Water is a distinctive resource because it constitutes a direct input to almost every economic activity, drawing a continuous thread from primary use in agriculture, through manufacturing, and into the myriad of service sectors. Despite a long economic history, water allocation stands out as one of the most significant cases of market failure in both developing and developed economies. The institutional arrangements which have governed water allocation have fostered serious resource misallocation, technological choice which is neither statically nor dynamically efficient, and an array of negative economic and environmental externalities which propagate through downstream linkages to the rest of the economy.

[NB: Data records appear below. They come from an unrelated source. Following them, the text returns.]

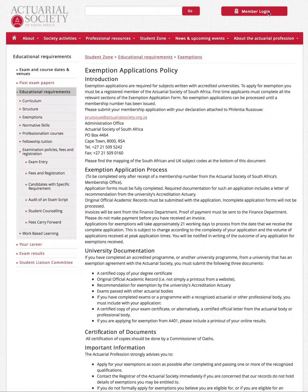You can always log in and check your academic record to see that they've come up. Hope you guys are studying hard. Cheers.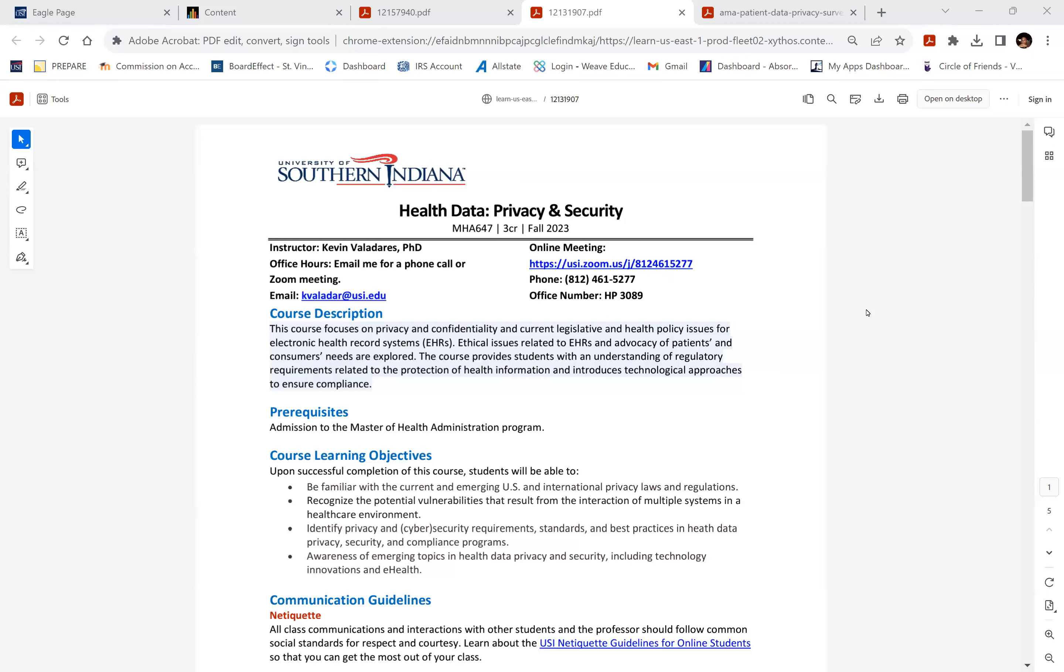Hello everyone, and welcome to this introduction and first week for MHA 647, Health Data Privacy and Security. I'm Kevin Valadaris, the instructor for this course.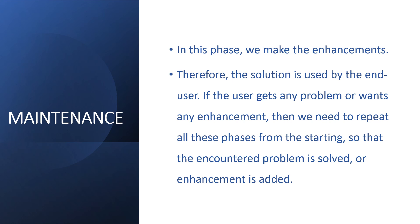That was all on the program development life cycle phases. There are basically six phases which we have discussed here one by one. Please stay connected for more updates. Thanks a lot for watching.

Historically, the relative abundance and regenerative nature of water resources have fostered inefficient water use. In modern times, the clear delineation of regional boundaries limiting migration, population growth, and rising living standards have combined to intensify water use in agriculture and elsewhere, and the sustainable practices for utilising this essential resource are receiving greater scrutiny. It is only a matter of time until the reforms in water allocation, already initiated in a number of countries, are more widely applied. The essential issue is how to devise reforms which have the efficiency and incentive properties to be economically and politically sustainable. To answer this question, which is a pressing concern for many developing countries, we consider the case of Morocco. Our choice of Morocco has been facilitated by the fact that it possesses relatively sophisticated data resources and shares many common characteristics with water-scarce economies. We thus anticipate results from this case to have wider applicability.
In this chapter, we draw on Morocco to illustrate the linkages between trade and macroeconomic policies and sustainable resource use.